Right now, MCP can only run Firefox (but they are working on getting at least IE on Windows). It would be nice to see the same integration on Linux using the IEs4Linux project. You did know that you can run IE on Linux, didn’t you? Not that anyone ever wanted (except for those web pages which stubbornly refuse to display correctly in Firefox … and for those, who insist on Flash 123.5 which will come for Linux in 2150 … but who needs them anyway).
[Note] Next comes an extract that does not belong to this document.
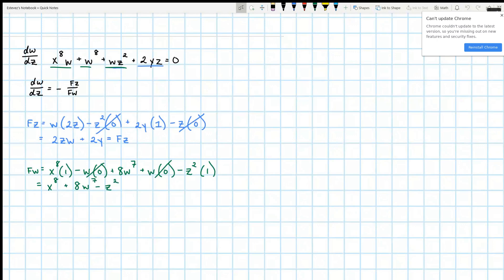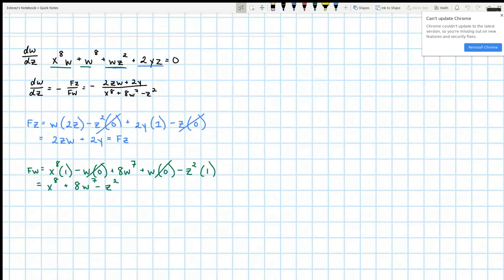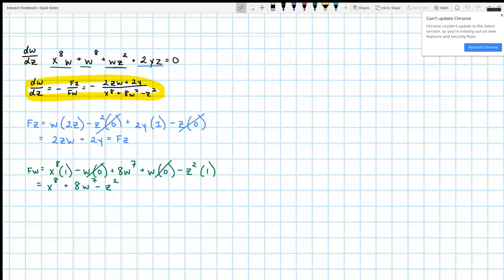So now that we have these two equations, we can plug it into this. So we're going to have 2zw plus 2y over x to the 8th power plus 8w to the 8th power minus z squared. And this is our final answer.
The next talk was obvious: Java and Scripting: One VM, Many Languages. Rags Srinivas (with hat!) showed us around the Java Scripting API. Pretty low level presentation with little new information. I had hoped for more meat here. The only interesting he mentioned was that Sun doesn’t really care about dynamic languages per se. They care that as many of them as possibly run on the Java VM but not the languages themselves. That probably explains the strange maneuvering in the last months: Hiring key Ruby developers, working on standardizing Groovy (JSR 241 and then suddenly JavaFX is the Next Great Thing(TM). Actually, JavaFX just seems to be another building block in a growing forest (some would say swamp) of dynamic languages flourishing around Java.
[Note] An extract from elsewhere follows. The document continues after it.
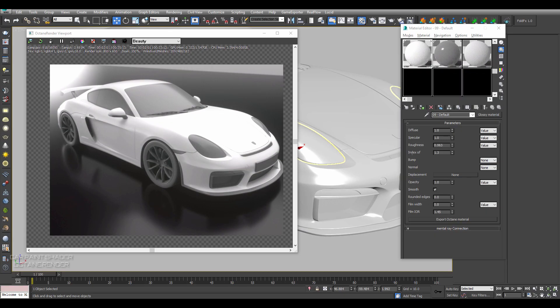Hey everyone, welcome to a Render Spaz video tutorial. Today we are going to create a Car Paint Shader for Octane Render using 3D Studio Max. If you are using another 3D software that has Octane Render, you can apply this tutorial and get that same effect that we are approaching here for today's topic.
Smells a lot like .NET (one runtime, any language you like) and probably makes sense. There are so many common problems (Singletons, DB access, HTML generation, mixing HTML and Java) which you can’t really do well in Java but perfectly well in other languages which don’t (have to) drag the Java legacy along. Java is ten years old, now, and it begins to show. GC was a fantastic new feature when Java came out, but today, every contender for the language of the next decade can do that. In Java, Beans, lists, maps and other, important types and concepts are second class citizens. To create a simple list and sort it, you have to write ten lines of code. In Groovy, you write:

def list = ['a', 1, 'b']

1 is of course turned into an Integer. Try that in Java 5 and the vital information, the data in the list, is drowned in syntax to club the compiler into silence:

import java.util.Arrays;
import java.util.List;

public class Foo {
    List list = Arrays.asList (new Object[] { 'a', 1, 'b' });
}

The sad part is that I had to start Eclipse to make sure that the syntax is correct. The Java code is six times as long and only 1/6th of that is actual information. The rest is only there to make the compiler happy. 😦

Back to Jazoon. I would have loved to attent the BOF’s, especially the ones registered by Neil M. Gafter about Java Closures and something else (I forgot) but I still wasn’t too well and didn’t want to risk to have to miss the last two days.

All in all, I enjoyed this day. My thanks go to the JUGS guys for organizing it.